そのうえで、 太宰の 1、 顔が嫌い 2、 田舎者のハイカラ趣味が嫌い 3、 「この人が、自分に適しない役を演じたのがきらいだ。女と心中したりする小説家は、もう少し厳粛な風貌をしていなければならない。」 と付け加えるのだ。
・・・ それで、だんだんと核心に迫り (すげー!) 「太宰のもっていた性格的欠点は、少なくともその半分が、冷水摩擦や器械体操や規則的な生活で治される筈だった。生活で解決すべきことに芸術を煩わしてはならないのだ。いささか逆説を弄すると、治りたがらない病人などには本当の病人の資格がない。」 という風に 太宰の自己表現を徹底的に攻撃するのだ。
ところが、晩年(昭和45年)になると三島は、考え方が変ってくる。 いや 変ってくる というより 太宰作品を否定しよう 否定しようとすれば する程、結局、同じようにそれは、自己表現を演出している自分・・・ が、そこにいる という ジレンマに陥り 結局は、受け入れざるを得ないようになってしまうのだ。 (意味わかる?)
大学のティーチ・インでは、「私は太宰とますます対照的な方向に向かっているようなわけですけど,おそらくどこか自分の根底に太宰と触れるところがあるからだろうと思う。
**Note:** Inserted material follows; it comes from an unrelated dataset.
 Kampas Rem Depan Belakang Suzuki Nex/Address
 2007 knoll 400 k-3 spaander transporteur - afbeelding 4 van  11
だからこそ反発するし,だからこそ逆の方に行くのでしょうね。おそらくそうかもしれません。」 と語ったといわれる。
どう思う? 凄いと思わないか? そして、この事こそ 本当に 本人にとって痛々しい 自己表現なのではないだろうか?
この ふたりの
死に様 いや
生き様って、 一体、何なんだ? まるで、それ自体が、ひとつの作品じゃないのか?
海外での人気は、極端に三島の方が上
しかし、ノーベル文学賞の候補にまであがった 世界一、美しい描写をする三島が、
(それはもう 描写という以外ない)
最期まで意識しとおした男 みなさん それは、一体、世界文学史上で誰だったのだろうか?